主たる研究方法は,①統計などによる女性労働と家族労働の把握,②日本の織物業地域の史料分析,③アメリカ合衆国ボストンのWomen’s Educational and Industrial Union, Boston(以下WEIU)史料の分析とする。
「労働」と「生活」が未分化の小規模家族経営における女性労働は,労働力配分と完全燃焼の一環に位置づけられていた。家族内分業が備える柔軟性と強靭性は在来産業を支える重要な基盤となっていた。労働力の再生産を支える「生活」は「家族」がそれを引き受けていた。
近代日本の産業勃興期において「労働」と「生活」は分離し,女性労働者の衣食住,娯楽,衛生,教育などは主に工場がそれらを引き受けた。男性労働者は「家族」によって再生産された。
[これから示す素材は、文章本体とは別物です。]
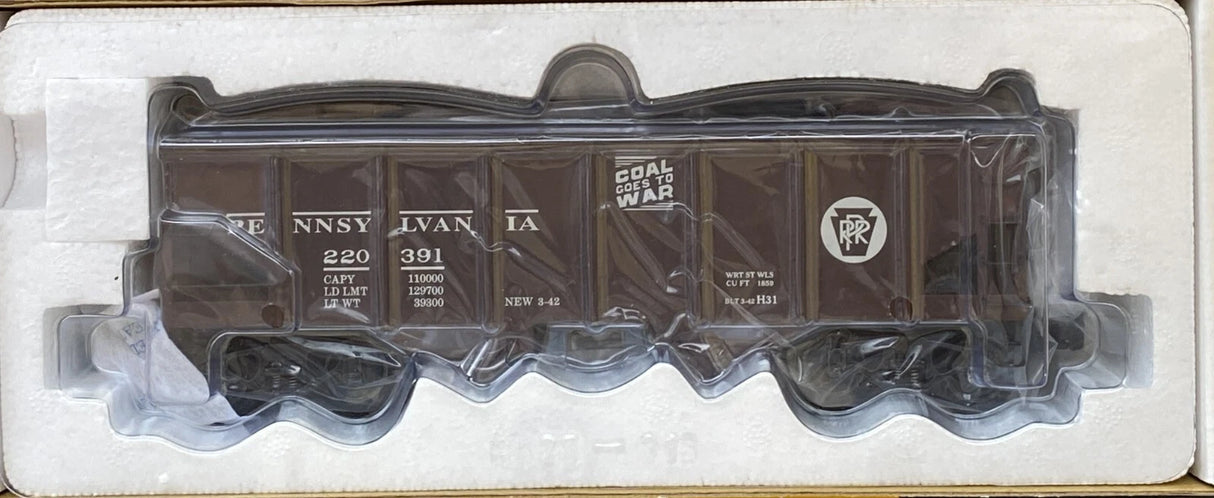 K-Line K6253 Pennsylvania 2-Bay Ribbed Hopper with Real Coal Load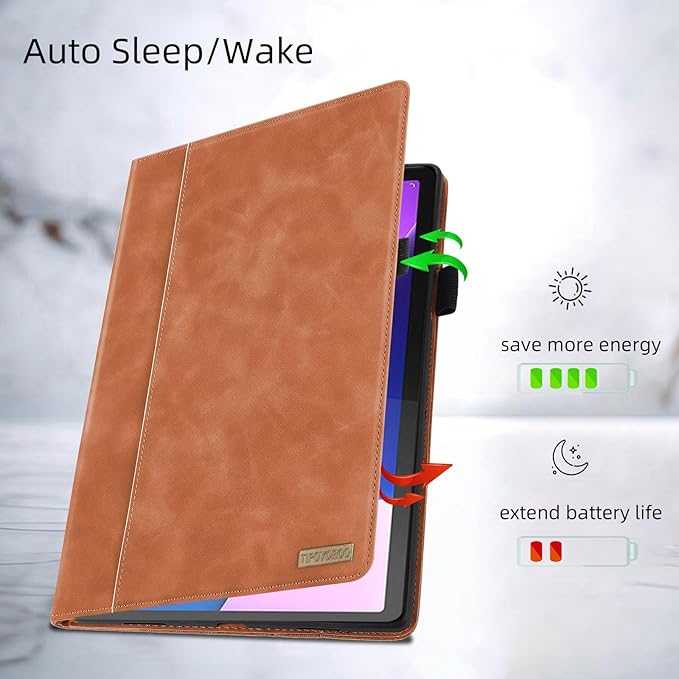 Case for Lenovo Tab M10 Plus 10.6 2022 Released, Multi-Angle Viewing Smart Cover with Pocket, Business PU Leather Flip Stand Cover with Card Slot -Brown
一方「農村」は景気変動に対応するバッファーとしての役割を果たし,大局的に見れば,「生活」の再建は工場,家族,農村がそれを引き受けた。
19世紀の産業勃興期のボストンでは、移民が増大し,1877年に設立された中間団体としてのWEIUが,働く女性たちの「労働」だけでなく,「生活」を積極的に調査し,把握したうえで支援することを目指した。このような動向は,全米組織the National Woman’s Trade Union Leagueにも見られた。
「労働」と「生活」の視点から見て,「労働生活分離型」の日本,「生活労働一体型」のアメリカという特徴が見られた。その規定要因として①ジェンダー規範,②労働市場と社会構造,③産業勃興期の地域社会が孕む問題の違いが挙げられる。